Task goal:
Entries follow. Give back exactly the lines starting at the one containing "Wilmington Marine Terminal" and ending at the one containing "历史必修三第四单元复习ppt课件.ppt_第1页", and no other lines.

Available records:

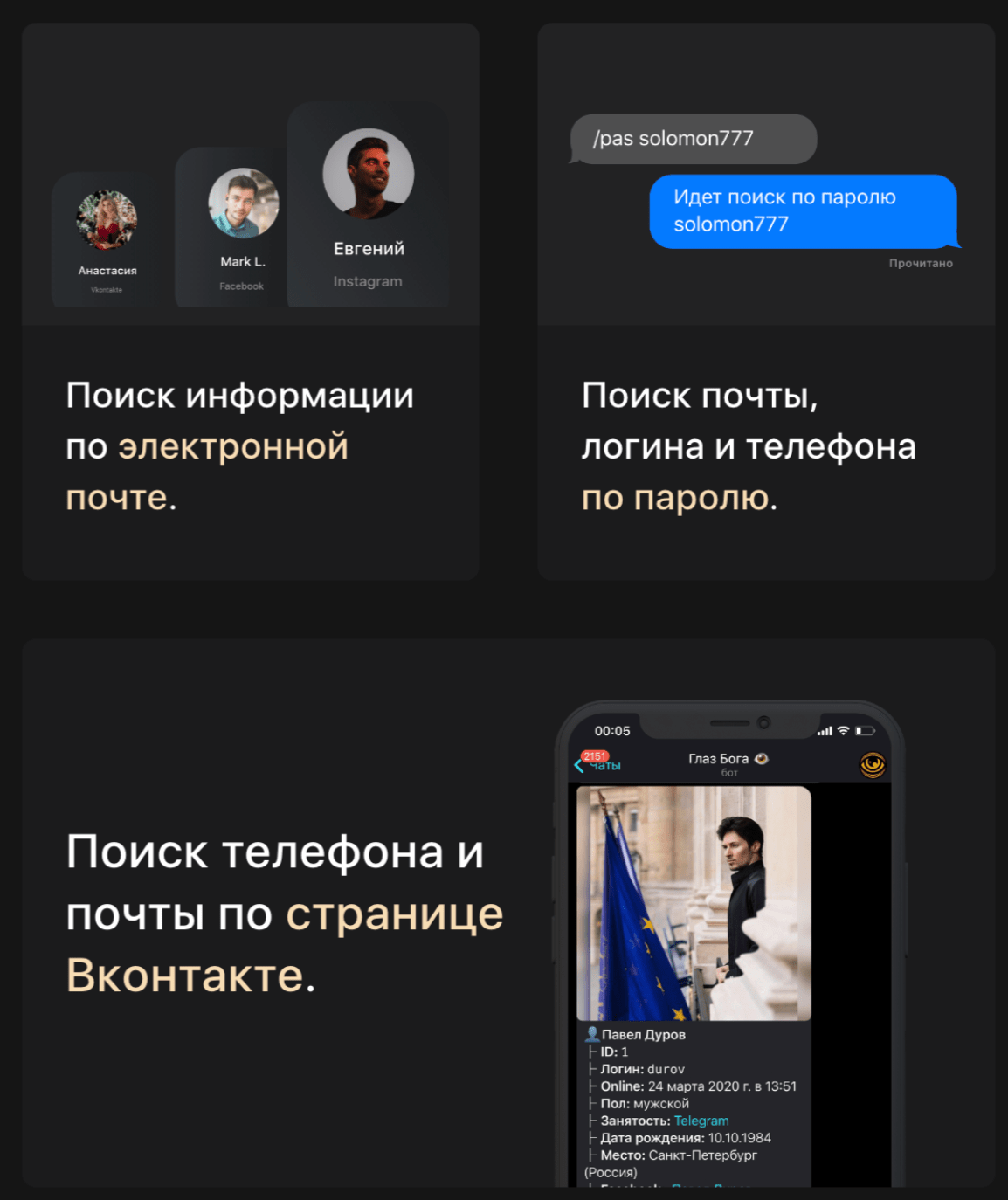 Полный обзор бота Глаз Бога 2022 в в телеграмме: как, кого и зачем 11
...
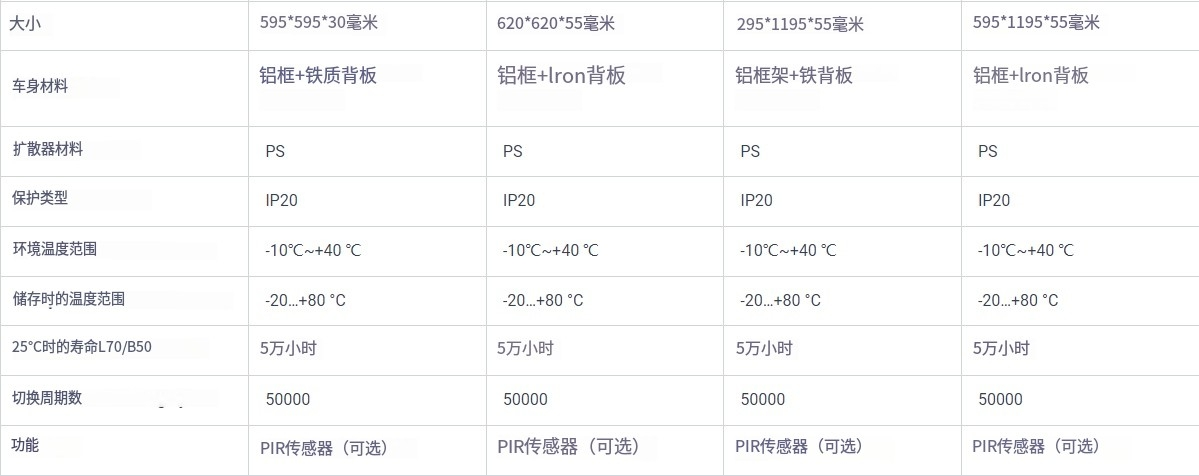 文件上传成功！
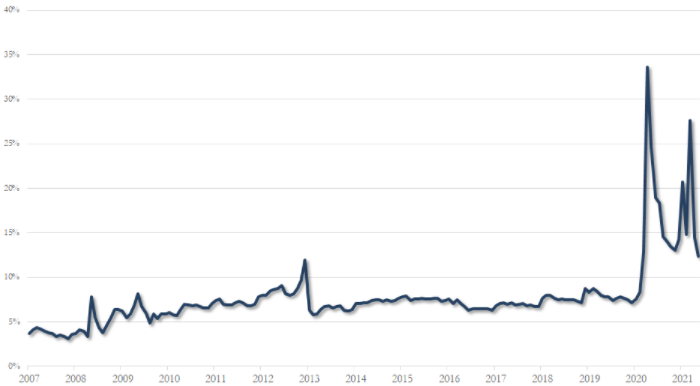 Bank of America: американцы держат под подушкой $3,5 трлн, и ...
* * *
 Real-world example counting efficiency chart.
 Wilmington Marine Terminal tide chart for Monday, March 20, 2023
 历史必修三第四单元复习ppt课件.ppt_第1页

Response box:
 Wilmington Marine Terminal tide chart for Monday, March 20, 2023
 历史必修三第四单元复习ppt课件.ppt_第1页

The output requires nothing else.